WE in the News
The recent acquisitions of Red Bridge Communications and Watatawa are key steps in a wider plan for WE Communications to aggressively grow its APAC footprint.
Getting bigger while staying independent were the core factors that led WE Communications to acquire Shanghai-based Red Bridge Communications and Singapore’s Watatawa in March, in a move that signalled the PR agency’s intention to boost its offering in Asia-Pacific.
Having seen steady growth in the region, Matt Lackie, APAC EVP of WE Communications, told Campaign Asia-Pacific the time was right to make a statement and seek rapid growth by adding two complementary agencies to the fold.
“As an independent company, our ability to put our people and customers—and not the financial markets—at the center of our business means we can take the long-term view,” he said. “Being independent doesn’t mean we have to do everything on our own. Some of our greatest work is done with partners that bring specialist capabilities to the table. Our acquisitions are great examples of that vision.”
The numbers show the size of the growth for WE. The acquisitions take WE's APAC revenues from US$11 million in 2016 to more than US$20 million. But Lackie has his sights set on a “critical mass” of upwards of US$35 million in the region.
A step in the right direction came with WE’s win of Lenovo’s APAC communications mandate, formerly held by Text100. Handling the PCs, tablets and data businesses, WE is in charge of all PR strategy across Lenovo’s four APAC teams, developing the tech company’s ‘Different is better’ brand message across the region.
Lenovo APAC comms head Stephanie Shi said WE’s integrated communications capabilities were a key factor in the brand’s decision.

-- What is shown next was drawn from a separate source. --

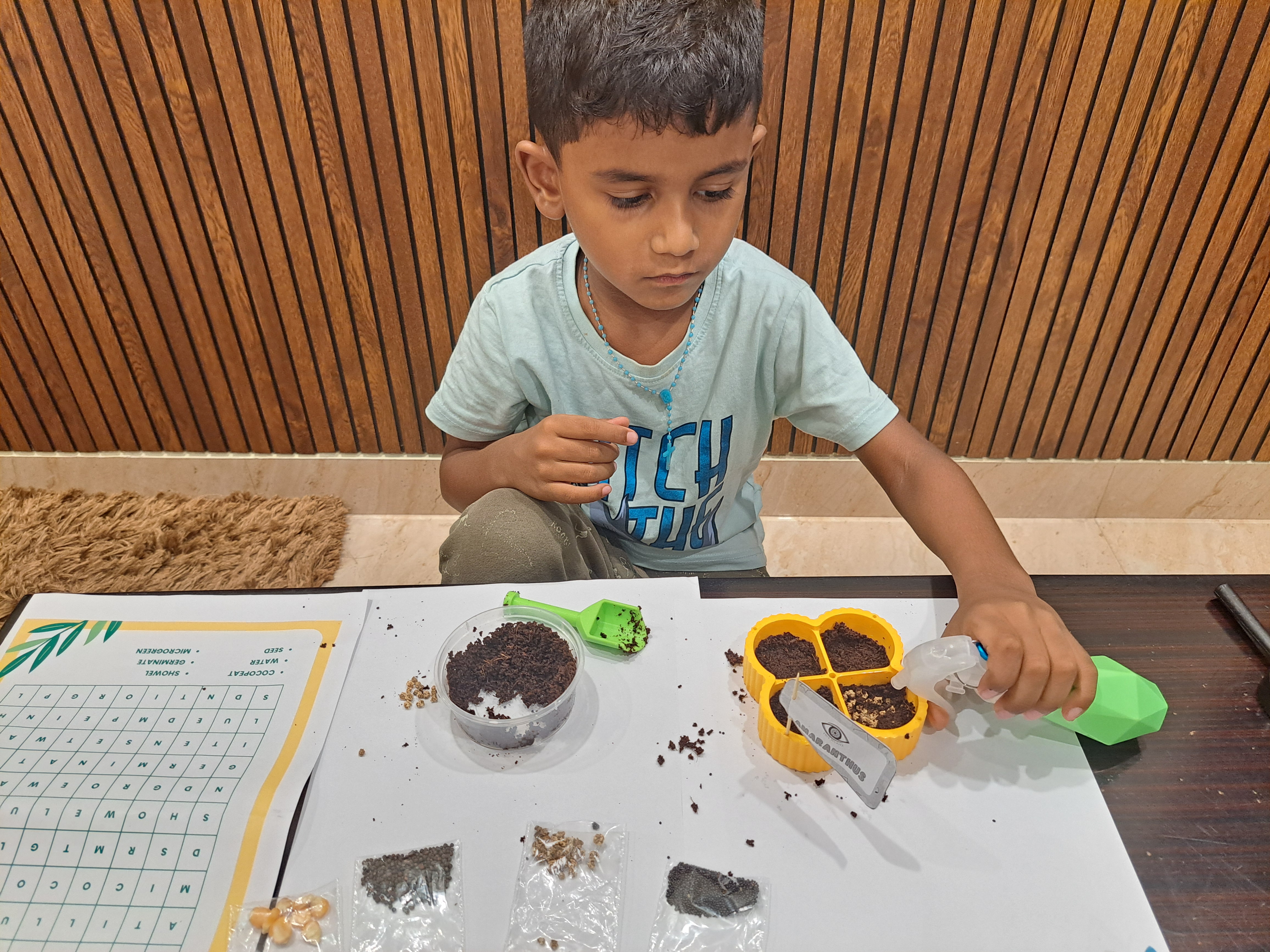 Kid using the product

Independence and integration
Speaking to the heads of all three agencies, it is clear that bringing their complementary capabilities together was a unifying factor in the deals. Moving forward, all three will have a fuller roster of communications and marketing services to offer clients, old and new, which allows them collectively to compete at a higher level.
For Watatawa, which will become a WE subsidiary but keep its name, access to WE’s broader skills and entry into China, through WE Red Bridge, were key considerations, said Simon Pangrazio, founding partner.
“It allows us to offer our clients things WE can provide and vice versa,” he explained. “Our focus is corporate financial consultancy to the c-suite function.
“We also recognise that you have to be able to, in that context, deliver digital, social, analytics that those clients needs as well. So it’s a sweet spot for collaboration across the firms.”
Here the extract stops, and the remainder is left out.